Gabriel Priolli: A dança da galinha.
Daniel Filho: A dança da galinha [imita a dança da galinha]. Então ele fazia já sucesso quando ele fazia esse programa. Foi até quando eu quis contratá-lo para a Rede Globo. E agora tem outro tipo de programa, fica olhando se a pessoa está chorando, se a audiência está aumentando, vai ficando no ar. É bom, é ruim? Quanto tempo o público vai agüentar isso? Quanto tempo o público agüentou aquele [apresentador] que fazia o [programa] Cidade alerta, o Gil Gomes.
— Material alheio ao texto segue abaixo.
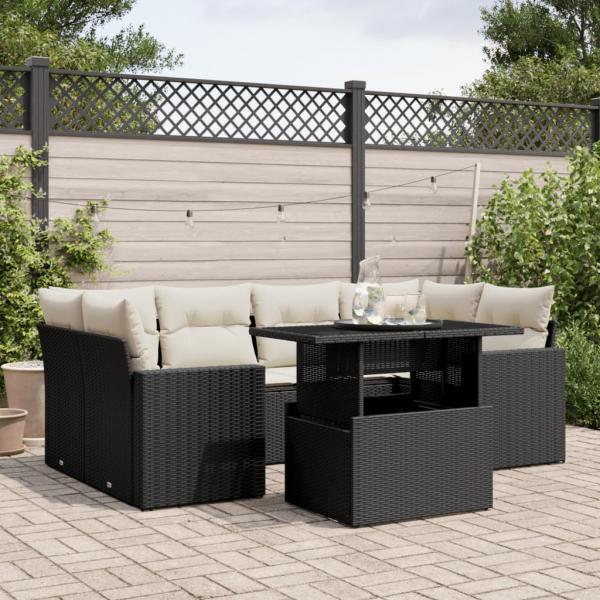 ARDEBO.de - 7-tlg. Garten-Sofagarnitur mit Kissen Schwarz Poly Rattan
Sumiu o Gil Gomes como sumiu o homem do sapato branco.
Flávio Amaral: Mas a Globo hoje está tendo problemas em vários horários, tanto na programação infantil de manhã, tanto nas noites durante a semana. Você acha que a hegemonia da Globo não está sendo ameaçada atualmente?
Daniel Filho: Ainda está bem distante. Quer dizer, programa infantil normalmente é baseado nos desenhos animados. Um programa infantil são os desenhos que ele apresenta. Eu acho que é quase 80% dos desenhos que são apresentados e 20% de quem apresenta aqueles desenhos. Aí eu não acho que tenha uma grande ameaça, porque é um público infantil e, curiosamente, esse público financeiramente não é representativo.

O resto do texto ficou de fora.